The ever maturing technology of silicon photomultipliers (SiPMs) has a range of advantages over traditional photomultiplier tubes (PMTs). As such, SiPMs are quickly replacing PMTs in a range of physics experiments. The technology is already included in the LHCb SciFi tracker and is foreseen to be used in CMS’ HGCAL, as well as in detectors at proposed future colliders. For these applications the important advantages of SiPMs over PMTs are their higher photo-detection efficiencies (by roughly a factor of two), their lower operating voltage (30-70 V compared to kV’s) and their small size, which allows them to be integrated in compact calorimeters. For space-based instruments — such as the POLAR-2 gamma-ray mission, which aims to use 6400 SiPM channels (see image) — a further advantage is the lack of a glass window, which gives SiPMs the mechanical robustness required during launch. There is, however, a disadvantage with SiPMs: dark current, which flows when the device is not illuminated and is greatly aggravated after exposure to radiation.
In order to strengthen the community and make progress on this technological issue, a dedicated workshop was held at CERN in a hybrid format from 25 to 29 April. Organized by the University of Geneva and funded by the Swiss National Science Foundation, the event attracted around 100 experts from academia and industry. The participants included experts in silicon radiation damage from the University of Hamburg who showed both the complexity of the problem and the need for further studies. Whereas the non-ionizing energy loss concept used to predict radiation damage in silicon is linearly correlated to the degradation of semiconductor devices in a radiation field, this appears to be violated for SiPMs. Instead, dedicated measurements for different types of SiPMs in a variety of radiation fields are required to understand the types of damage and their consequences on the SiPMs’ performance. Several such measurements, performed using both proton and neutron beams, were presented at the April workshop, while plans were made to coordinate such efforts in the future, for example by performing tests of one type of SiPMs at different facilities followed by identical analysis of the irradiated samples. In addition, an online platform to discuss upcoming results was established.
The lack of a glass window gives SiPMs the mechanical robustness required during launch
The damage sustained by radiation manifests itself mainly in the form of an increased dark current. As presented at the workshop, this increase can cause a vicious cycle because the increased current can cause self-heating, which further increases the highly temperature-dependent dark current. These issues are of great importance for future space missions as they influence the power budget, causing the scientific performance to degrade over time. Data from the first SiPM based in-orbit detectors, such as the SIRI mission by the US Naval Research Lab, the Chinese-led GECAM and GRID detectors and the Japanese-Czech GRBAlpha payload, were presented. It is clear that although SiPMs have advantages over PMTs, the radiation, which is highly dependent on the satellite’s orbit, can cause a significant degradation in performance that limits low-earth orbit missions to several years in space. Based on these results, a future Moon mission has decided against the use of SiPMs and reverted to PMTs.

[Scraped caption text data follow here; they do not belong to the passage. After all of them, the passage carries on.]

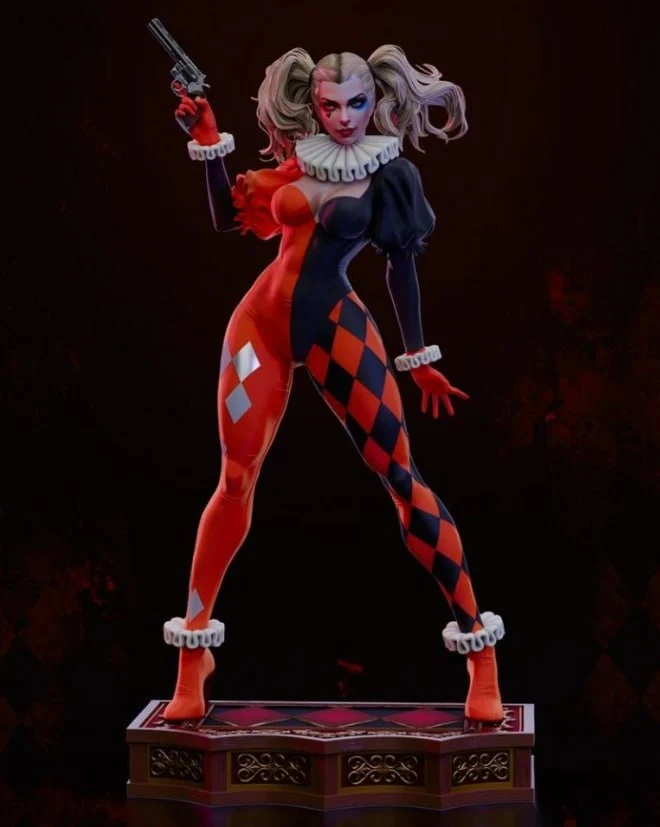 Harley Quinn DC Comics 3D figure with a pistol on an ornate display base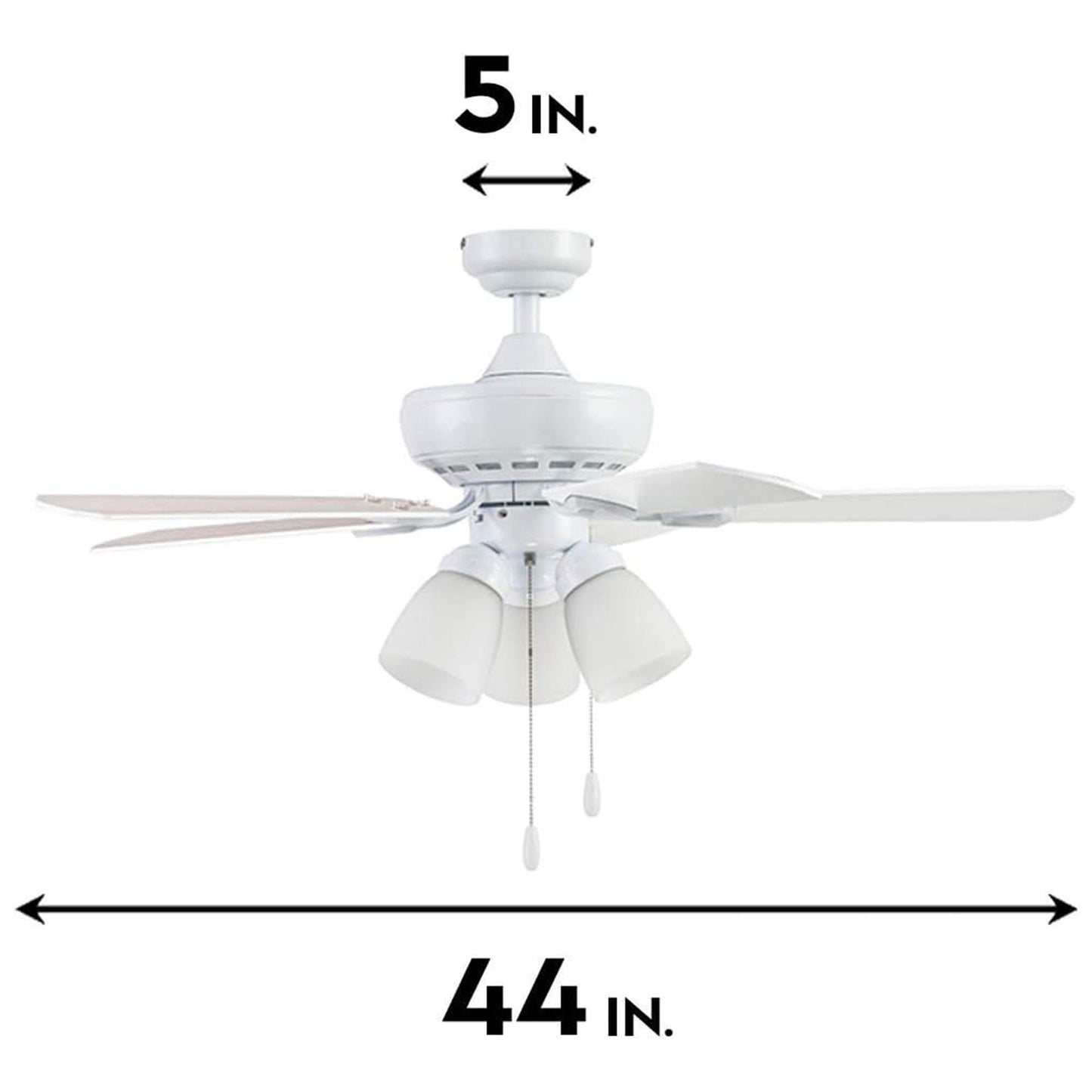 Portage Bay 51444 Miller Park Ceiling Fan, 44, White
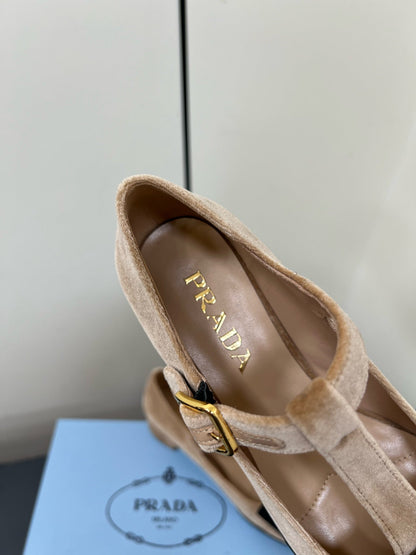 BOW MARY JANE PUMPS WITH T-STRAP IN PECAN PIE VELVET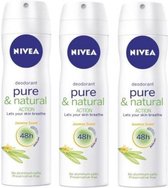 NIVEA Deo Spray 48H - Pure & Natural Jasmine - 3 x 150 ml - Voordeelverpakking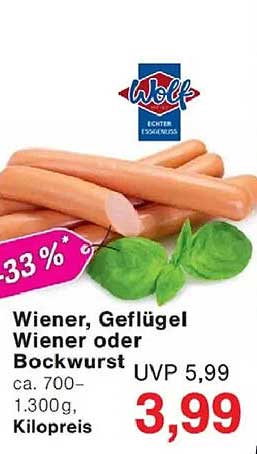 Wiener, Geflügel Wiener oder Bockwurst - 700 bis 1.300 g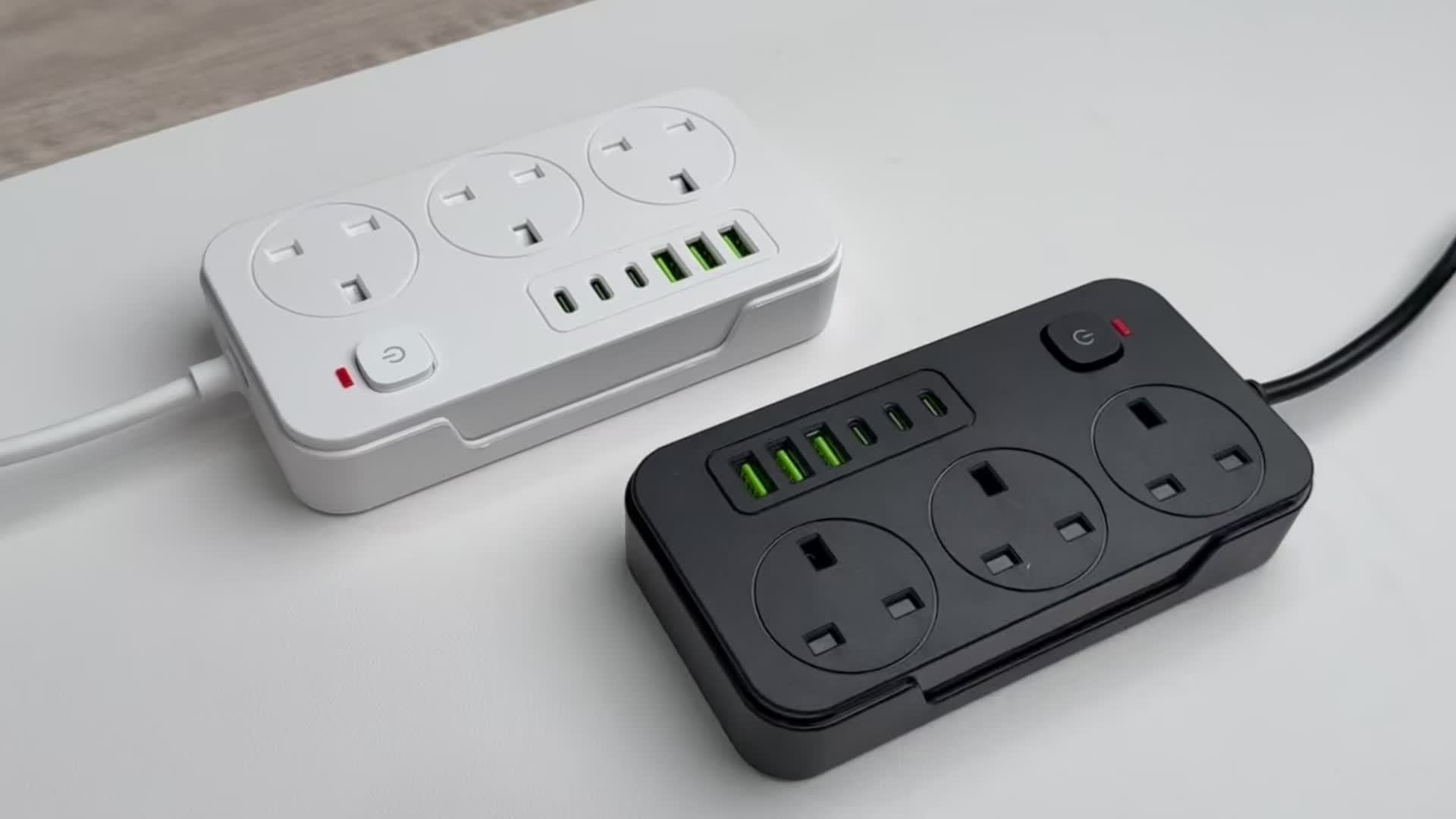 9 in 1 Surge Protected Power Socket 2M Cable 6 USB Ports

Solutions to radiation damage in SiPMs were also discussed at length. These are mainly in the form of speeding up the annealing of the damage by exposing SiPMs to hotter environments for short periods. Additionally, cooling of the SiPM during data taking will not only decrease the dark current directly, but could also reduce the radiation damage itself, although further research on this topic is required.
Overall, the workshop indicated significant further studies are required to predict the impact of radiation damage on future experiments.